Sigmund Freud fotografiert von Albert Hilscher, um 1930, Österreichische Nationalbibliothek, Wien
© Bildarchiv und Grafiksammlung, Österreichische Nationalbibliothek

Ehemaliges Wartezimmer der Ordination von Sigmund Freud, heut: Sigmund Freud-Museum fotografiert von Otto Simoner, 1979, Österreichische Nationalbibliothek, Wien
© Bildarchiv und Grafiksammlung, Österreichische Nationalbibliothek

Sigmund Freud gilt als Vater der Psychoanalyse und als einer der einflussreichsten Denker des 20. Jahrhunderts. Anfangs angefeindet, erlangte er internationalen Ruhm.

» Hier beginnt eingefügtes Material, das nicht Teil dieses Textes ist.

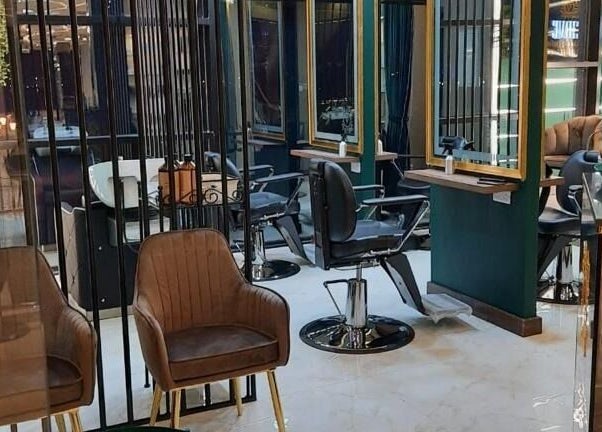 Chic interior of Verve Men's Salon & Spa in الشارقة, إمارة الشارقةّ, AE, featuring modern chairs and mirrors.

Der Diskurs über seine Theorien und die Anwendung seiner Methoden hält bis heute an.

Sigmund Freud, ursprünglich Sigismund Schlomo, stammte aus einer jüdischen Familie. Er wurde am 6. Mai 1856 in Freiberg [heute: Přibor] in Mähren als eines von sieben Kindern des Textilkaufmanns Jakob Freud und der Amalia Freud, geb. Nathanson, geboren. Da Religion in der Familie keine Rolle spielte, verstand sich Freud Zeit seines Lebens als Atheist.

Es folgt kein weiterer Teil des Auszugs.